- What to produce -
Reproduce exactly the span of lines beginning at the one with "105704.SUDADERA BICOLOR CREMALLERA" and ending at the last line of the data below, omitting pictures.

Data extracted from a collection:
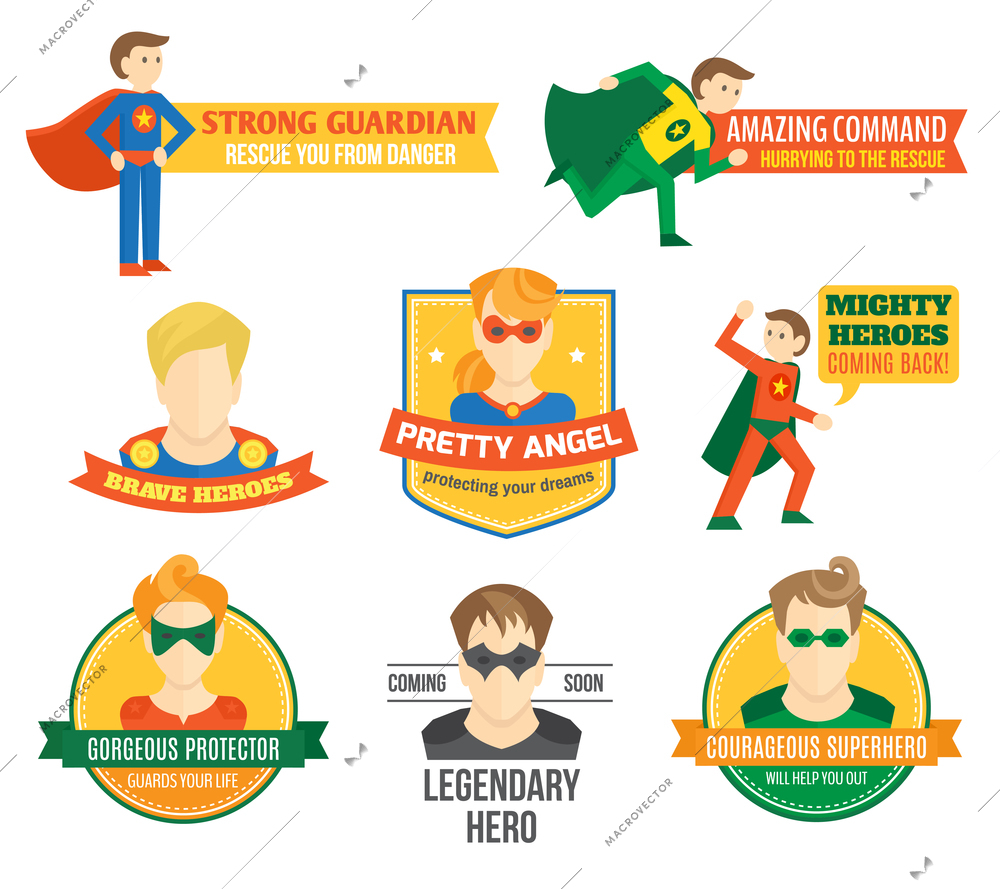 Comic popart superhero emblems and labels in red yellow green color vector illustraiton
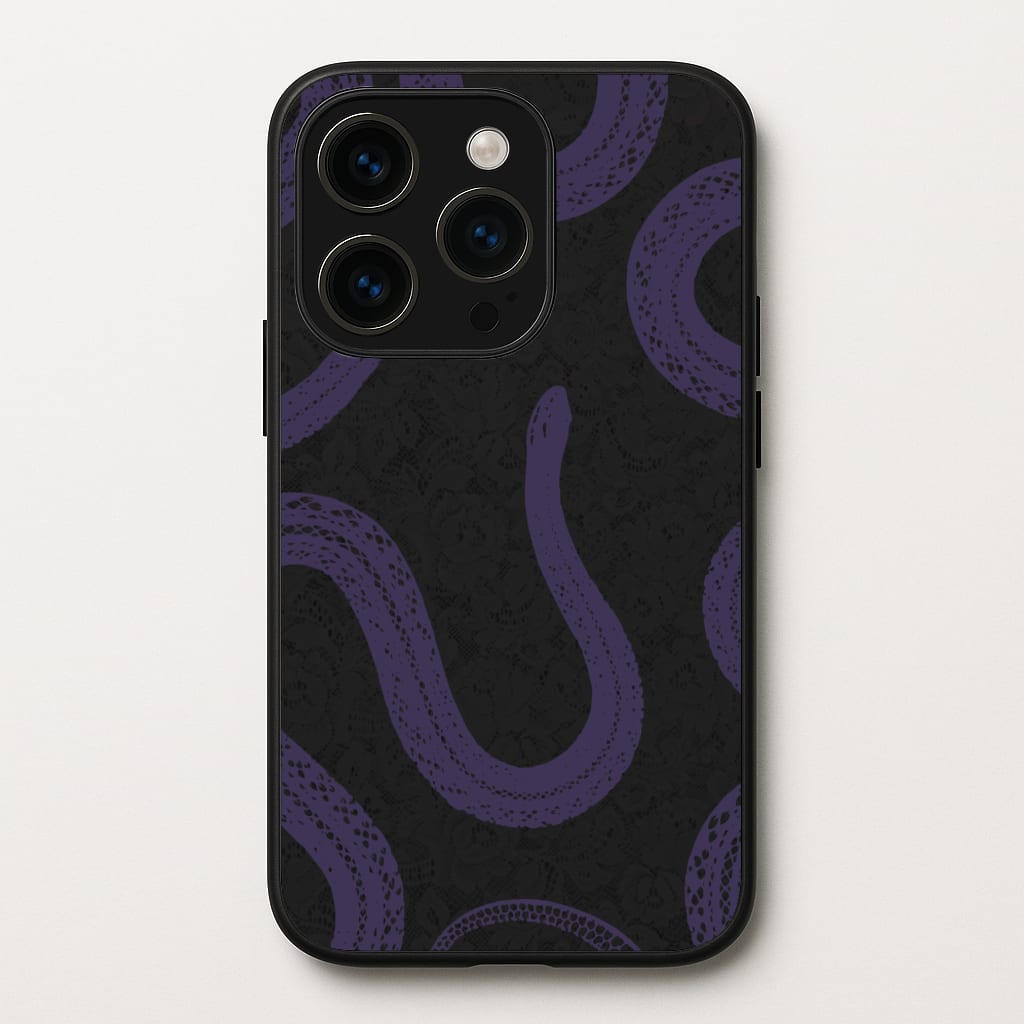 Snakes And Lace Pattern - Goth Aesthetic Phone Case for iPhone 15 Pro Max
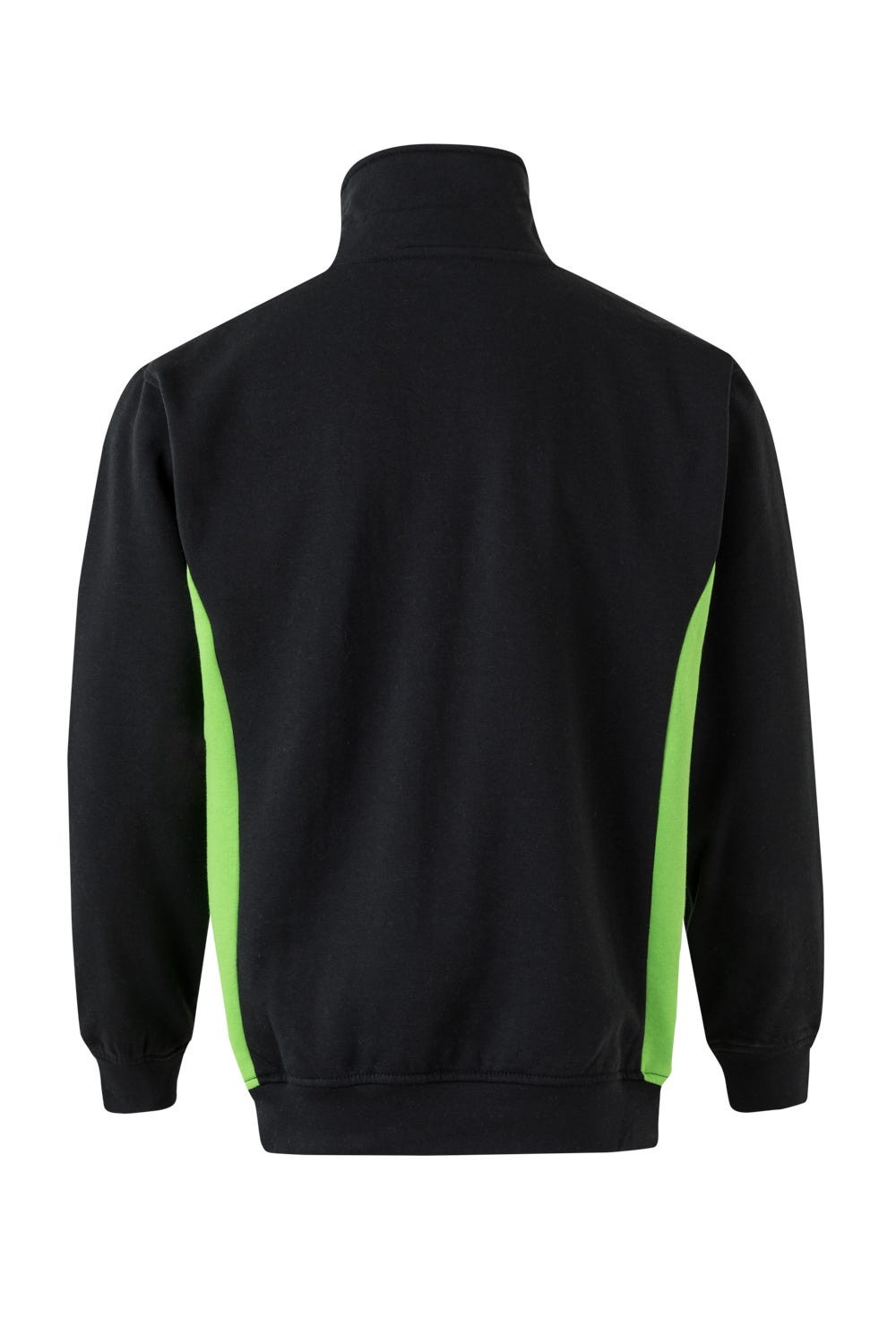 105704.SUDADERA BICOLOR CREMALLERA NEGRO/VERDE LIMA 2XL
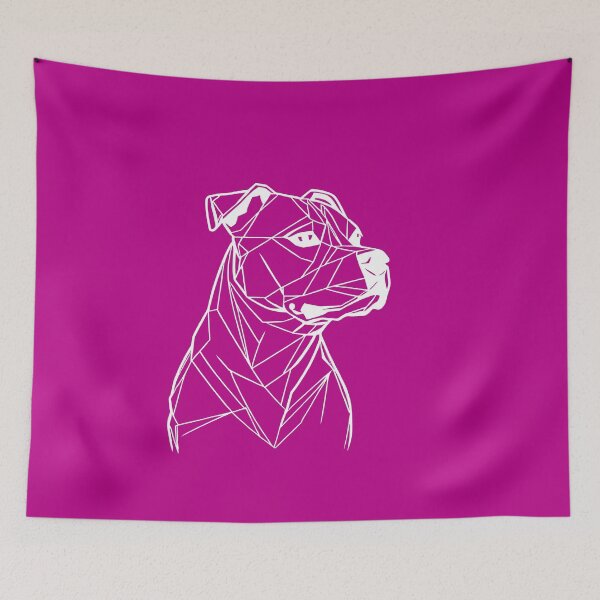 Item preview, White Line Staffy Violet Pink BG designed and sold by DiscoGypsyFish.
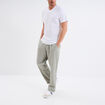 Pantalon chino mélange lin coton vert kaki homme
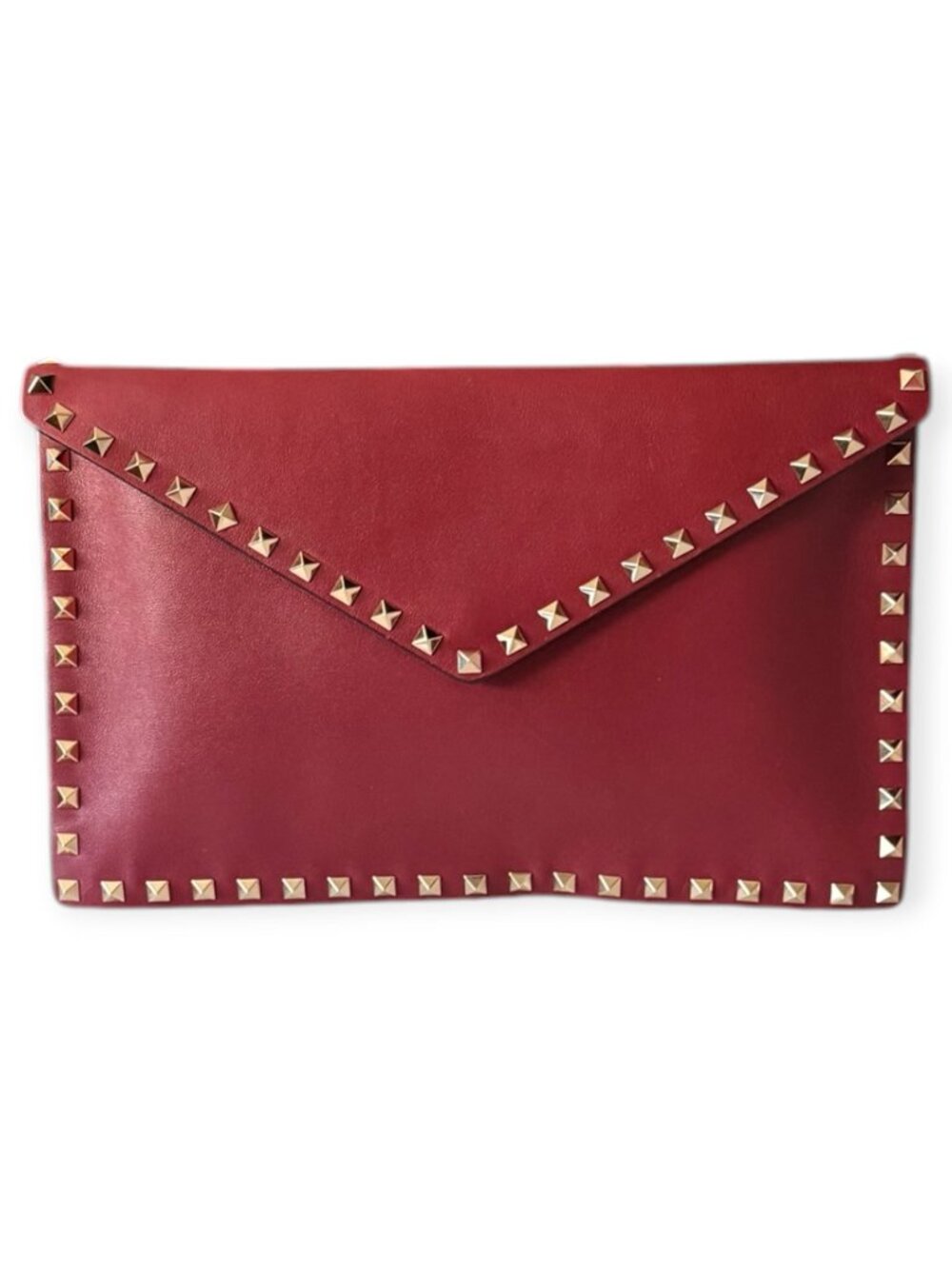 Valentino Garavani Rockstud Envelope Clutch | Red Leather - Picture 2 of 7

- Solution -
 105704.SUDADERA BICOLOR CREMALLERA NEGRO/VERDE LIMA 2XL
 Item preview, White Line Staffy Violet Pink BG designed and sold by DiscoGypsyFish.
 Pantalon chino mélange lin coton vert kaki homme
 Valentino Garavani Rockstud Envelope Clutch | Red Leather - Picture 2 of 7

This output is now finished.